• **Exercise**
Would you give the listing again exactly as written, minus its pictures?

• **Information provided**

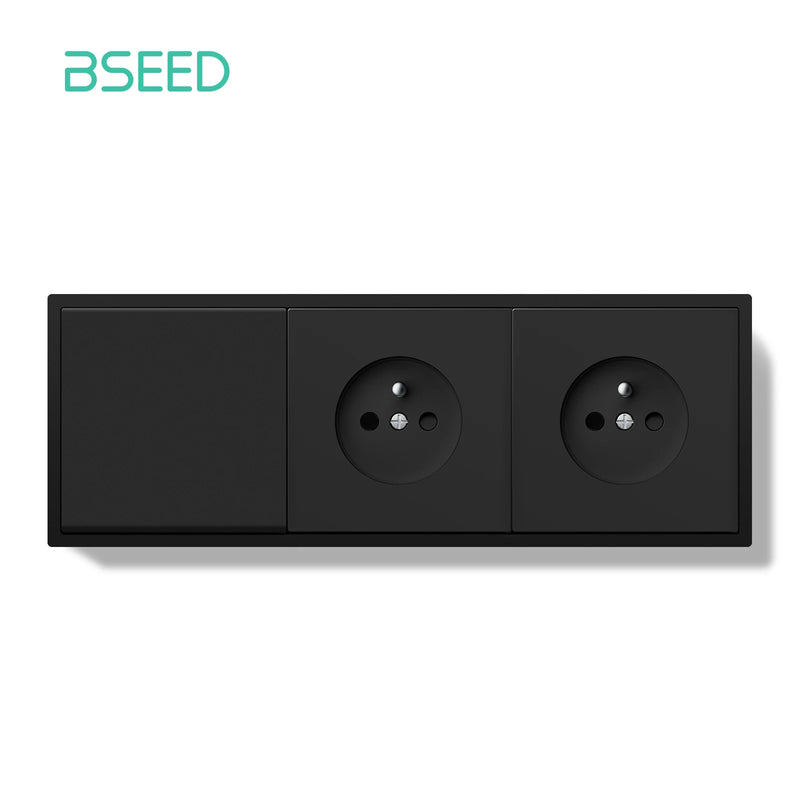 BSEED Mechanical Button Switch 1/2Gang 1Way With Wall French Socket Wall Light Switch Plastic Frame Switch On Off Black Color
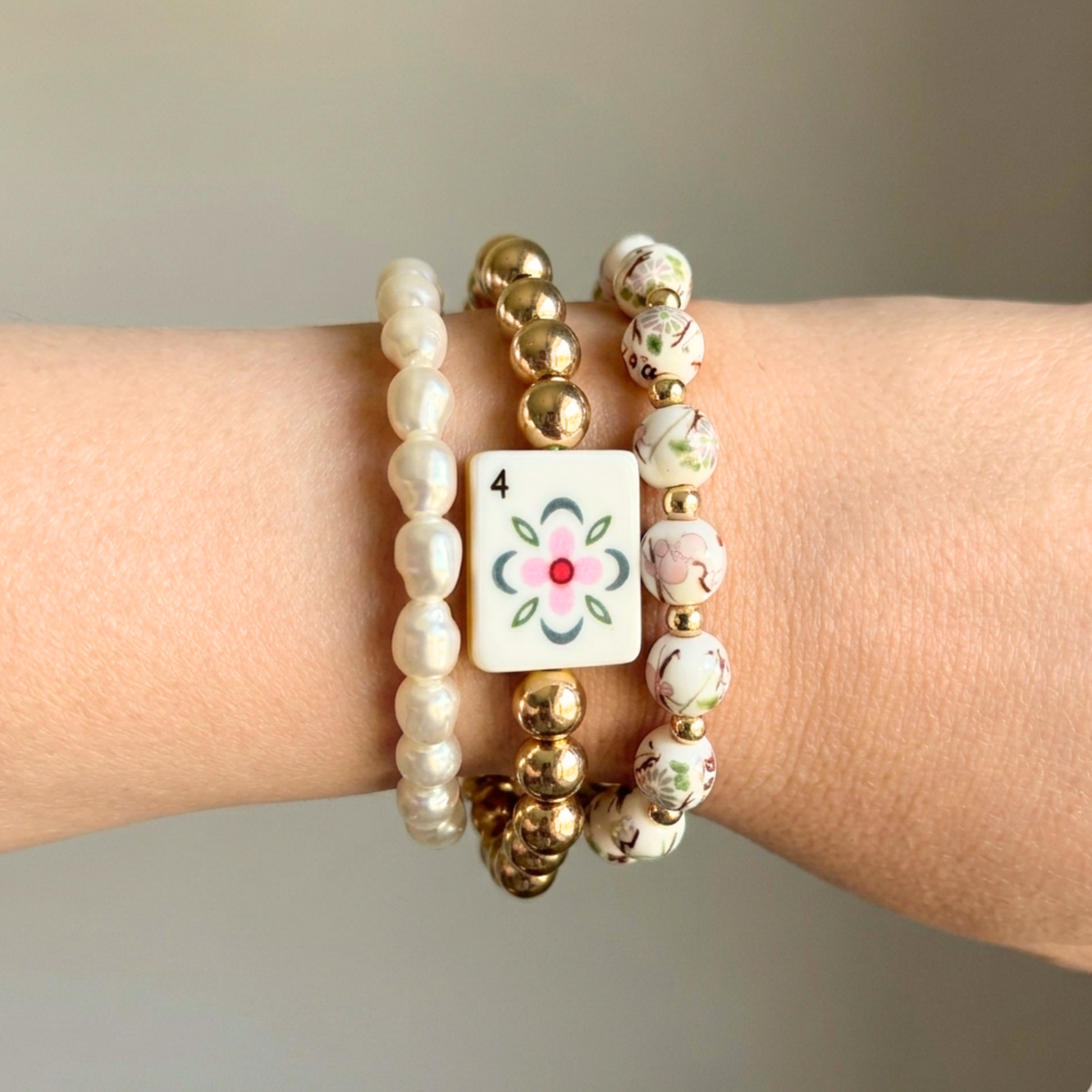 Mahjong Stretch Bracelet Stack – 3 Piece Set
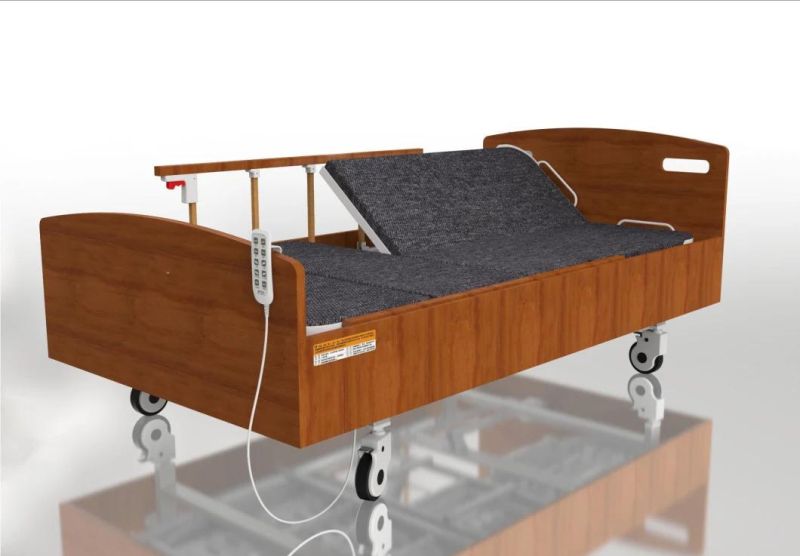 Electric Multi-Functional Homecare Nursing Bed with 4 Wheels for Bedridden Patient and The Elderly Home Use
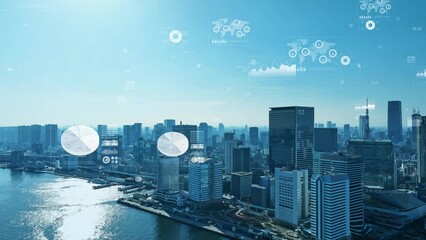 Leinwandbilder - 都市空撮と統計データ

• **Answer box**
 BSEED Mechanical Button Switch 1/2Gang 1Way With Wall French Socket Wall Light Switch Plastic Frame Switch On Off Black Color
 Mahjong Stretch Bracelet Stack – 3 Piece Set
 Electric Multi-Functional Homecare Nursing Bed with 4 Wheels for Bedridden Patient and The Elderly Home Use
 Leinwandbilder - 都市空撮と統計データ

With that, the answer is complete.